▸ **WORK TO BE COMPLETED**
Quote the records below in full, exactly as given, with the images taken out.

▸ **SUPPLIED MATERIAL**
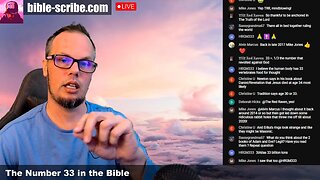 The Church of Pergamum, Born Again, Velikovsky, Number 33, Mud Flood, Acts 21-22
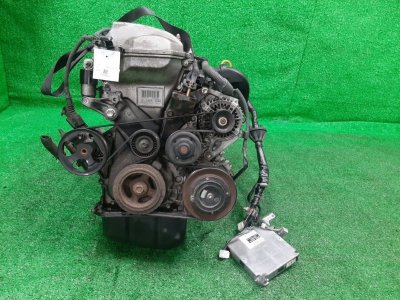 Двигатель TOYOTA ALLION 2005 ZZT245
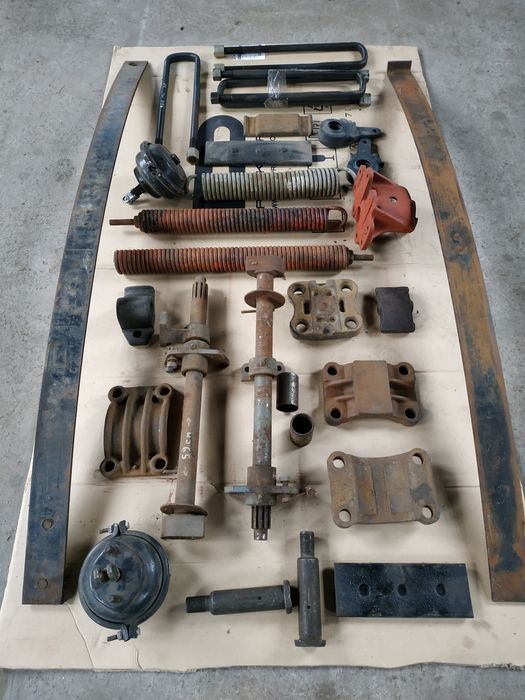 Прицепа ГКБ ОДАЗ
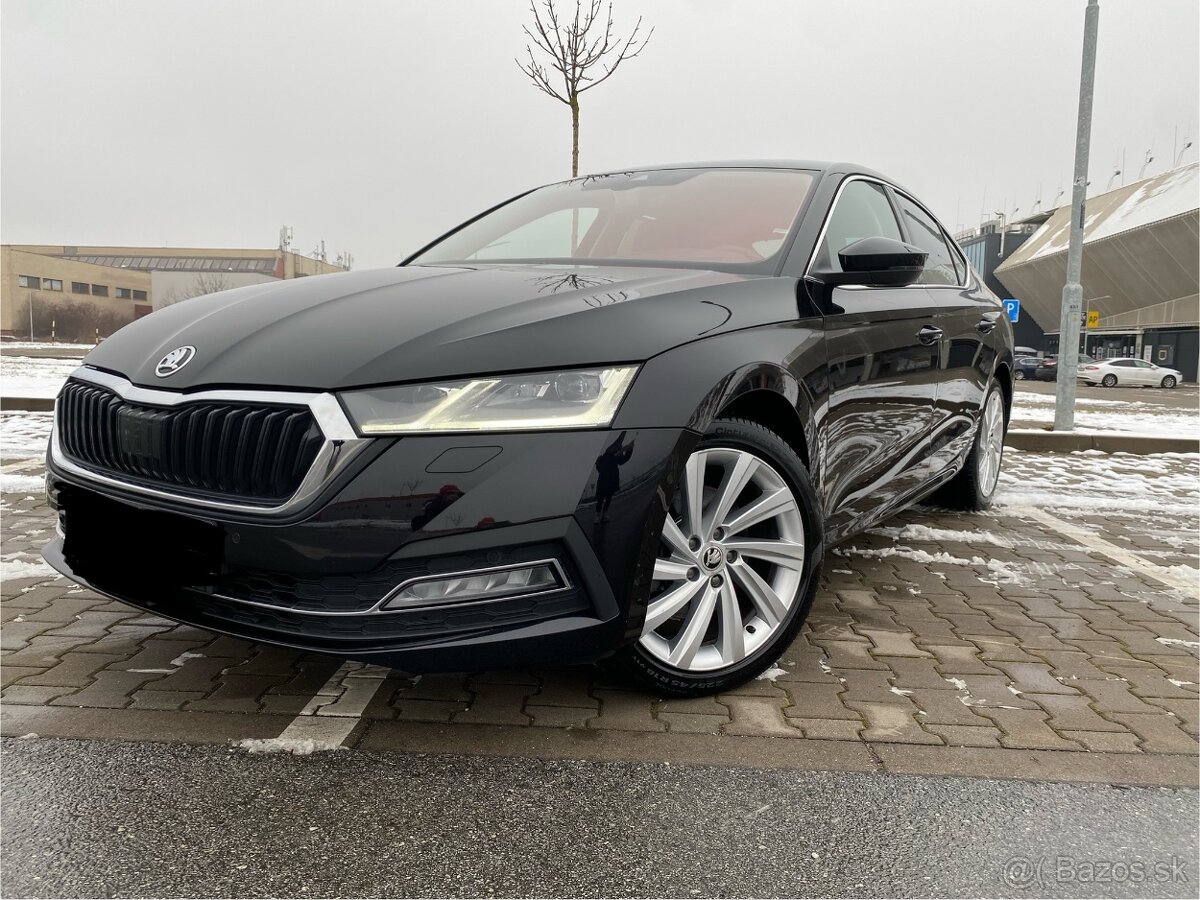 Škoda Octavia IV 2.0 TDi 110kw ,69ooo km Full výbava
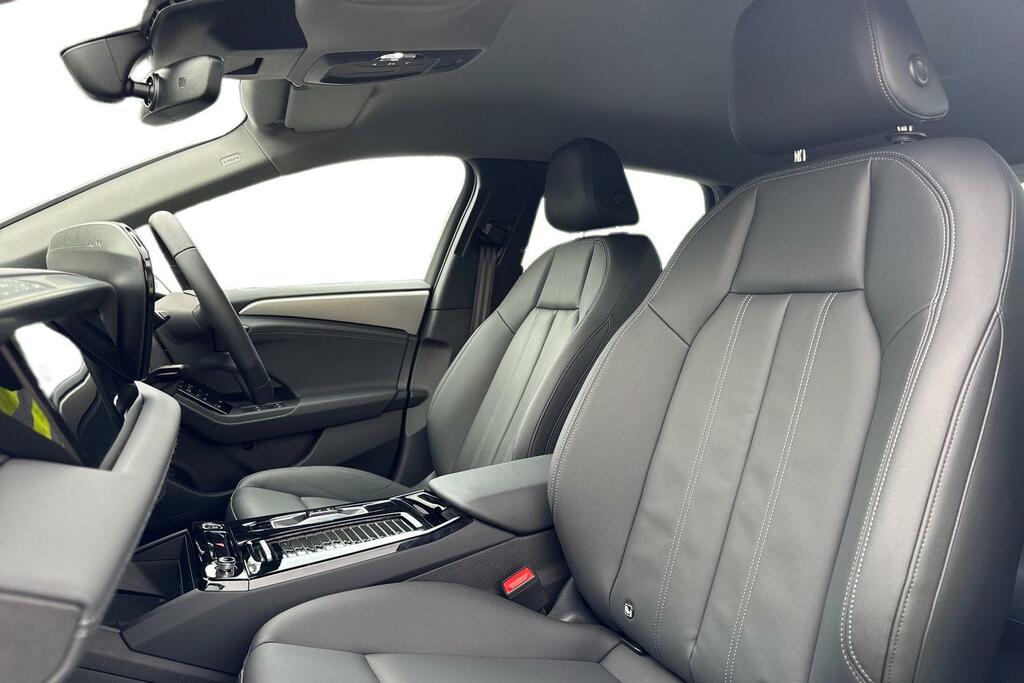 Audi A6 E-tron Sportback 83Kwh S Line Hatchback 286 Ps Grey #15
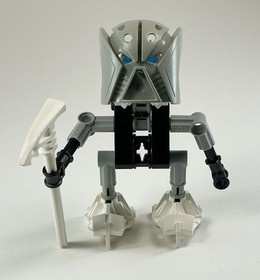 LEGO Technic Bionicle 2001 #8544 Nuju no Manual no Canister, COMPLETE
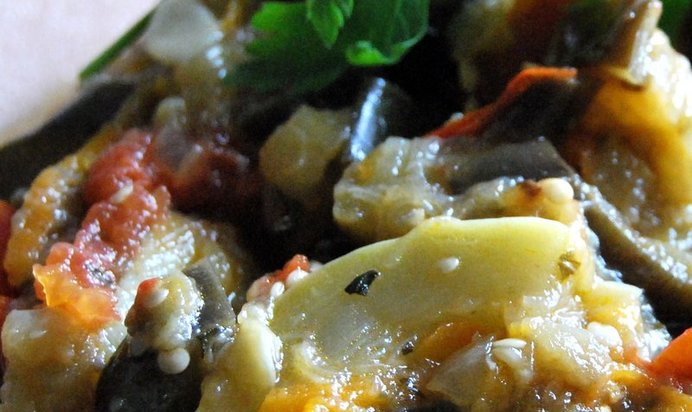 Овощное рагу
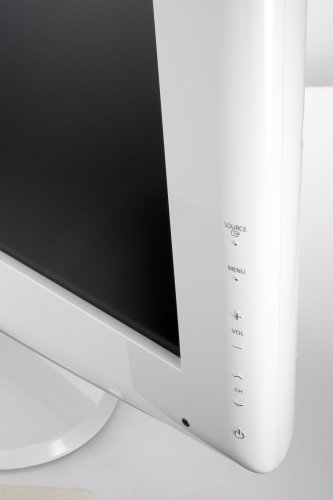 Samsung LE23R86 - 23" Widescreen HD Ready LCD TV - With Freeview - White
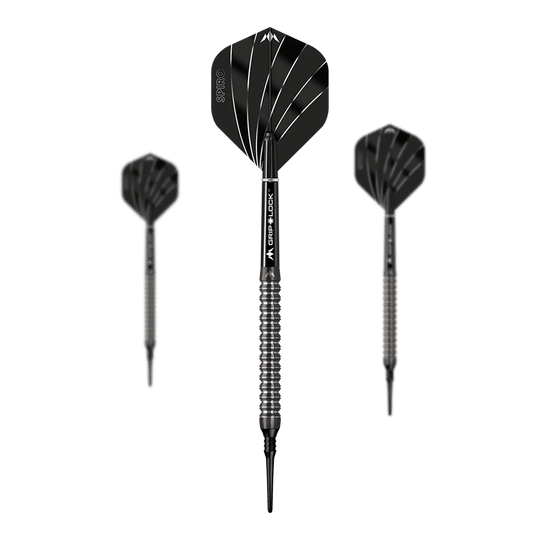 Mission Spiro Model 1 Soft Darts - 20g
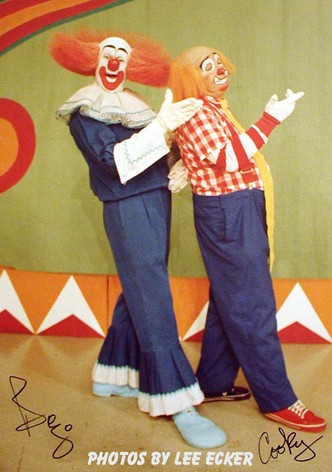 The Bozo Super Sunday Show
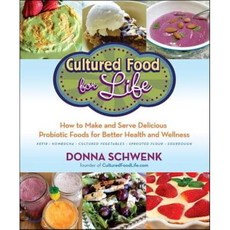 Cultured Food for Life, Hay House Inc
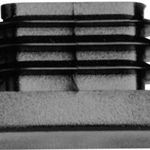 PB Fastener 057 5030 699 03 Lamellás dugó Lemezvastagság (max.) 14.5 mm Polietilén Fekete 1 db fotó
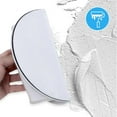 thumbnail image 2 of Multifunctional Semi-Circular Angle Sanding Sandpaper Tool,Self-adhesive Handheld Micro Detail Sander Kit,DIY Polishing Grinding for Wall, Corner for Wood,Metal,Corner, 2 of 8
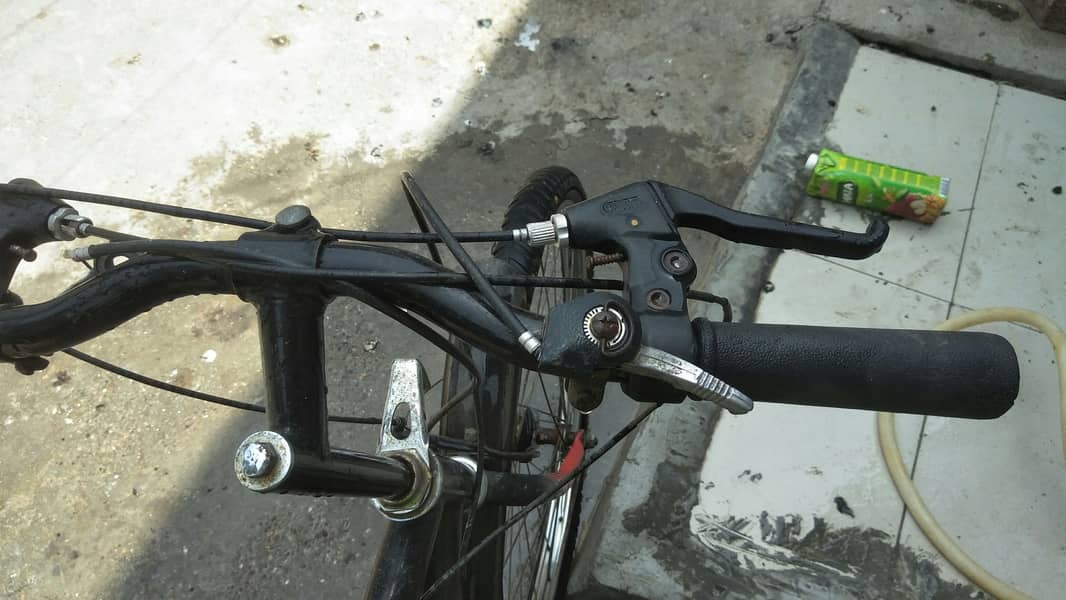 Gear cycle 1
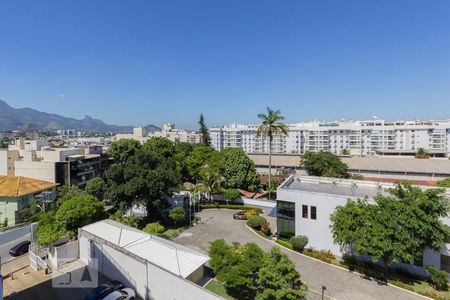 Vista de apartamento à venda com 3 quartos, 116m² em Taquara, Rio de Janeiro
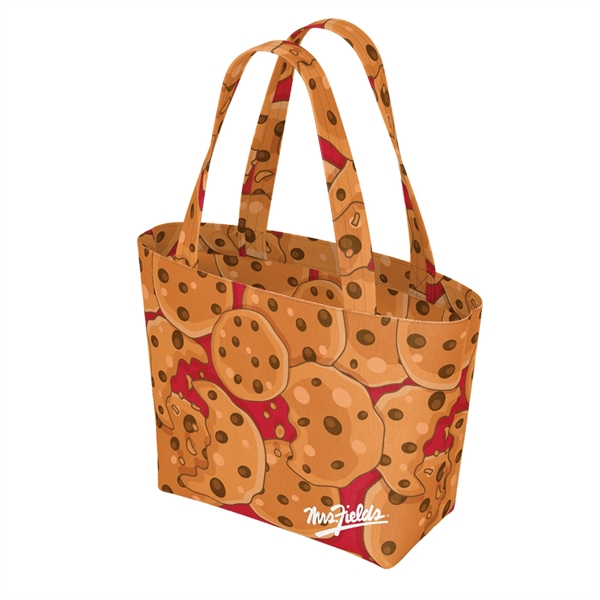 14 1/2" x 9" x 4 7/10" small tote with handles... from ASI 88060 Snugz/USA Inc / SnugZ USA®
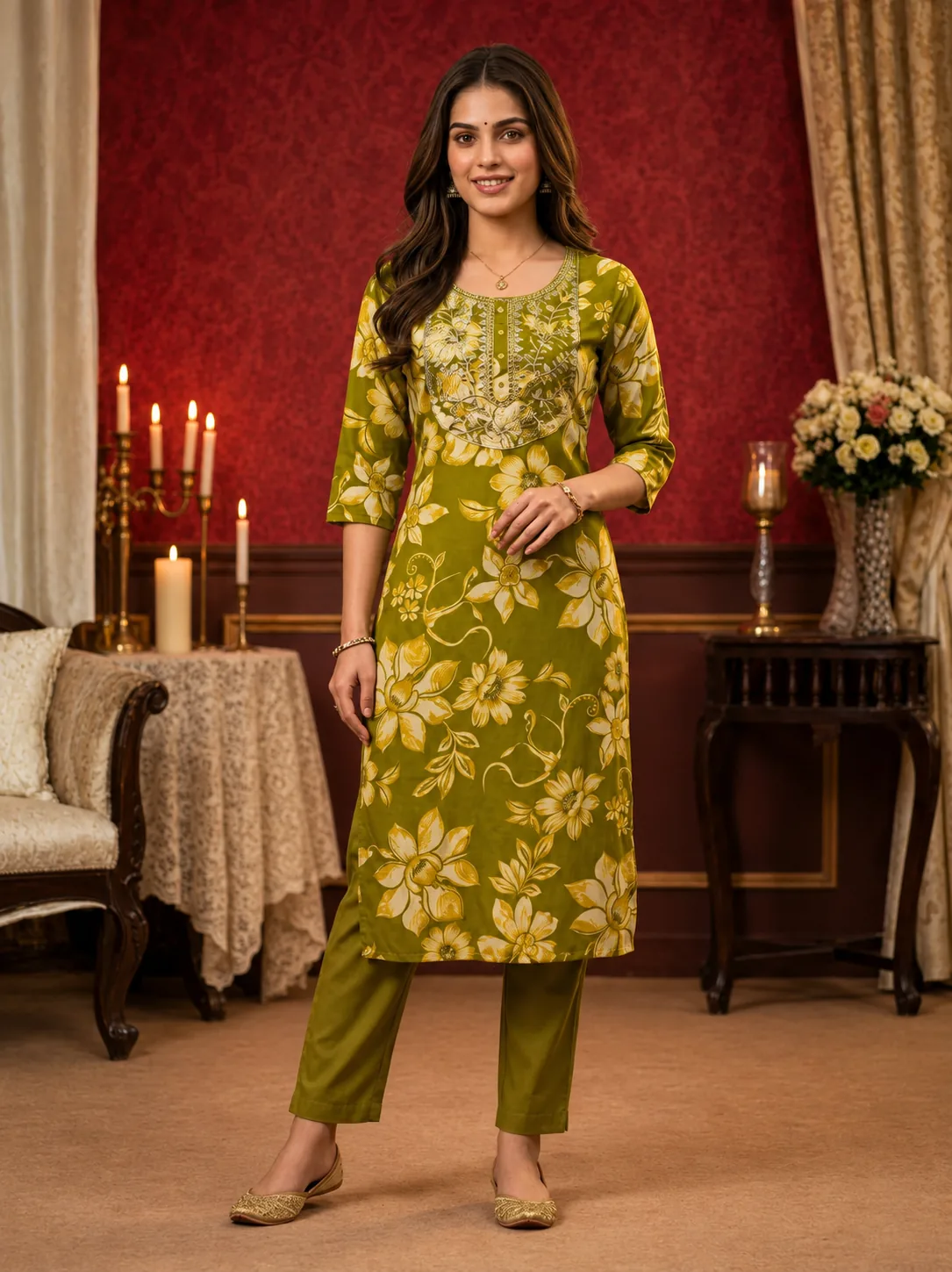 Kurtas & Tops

▸ **SOLUTION BELOW**
 The Church of Pergamum, Born Again, Velikovsky, Number 33, Mud Flood, Acts 21-22
 Двигатель TOYOTA ALLION 2005 ZZT245
 Прицепа ГКБ ОДАЗ
 Škoda Octavia IV 2.0 TDi 110kw ,69ooo km Full výbava
 Audi A6 E-tron Sportback 83Kwh S Line Hatchback 286 Ps Grey #15
 LEGO Technic Bionicle 2001 #8544 Nuju no Manual no Canister, COMPLETE
 Овощное рагу
 Samsung LE23R86 - 23" Widescreen HD Ready LCD TV - With Freeview - White
 Mission Spiro Model 1 Soft Darts - 20g
 The Bozo Super Sunday Show
 Cultured Food for Life, Hay House Inc
 PB Fastener 057 5030 699 03 Lamellás dugó Lemezvastagság (max.) 14.5 mm Polietilén Fekete 1 db fotó
 thumbnail image 2 of Multifunctional Semi-Circular Angle Sanding Sandpaper Tool,Self-adhesive Handheld Micro Detail Sander Kit,DIY Polishing Grinding for Wall, Corner for Wood,Metal,Corner, 2 of 8
 Gear cycle 1
 Vista de apartamento à venda com 3 quartos, 116m² em Taquara, Rio de Janeiro
 14 1/2" x 9" x 4 7/10" small tote with handles... from ASI 88060 Snugz/USA Inc / SnugZ USA®
 Kurtas & Tops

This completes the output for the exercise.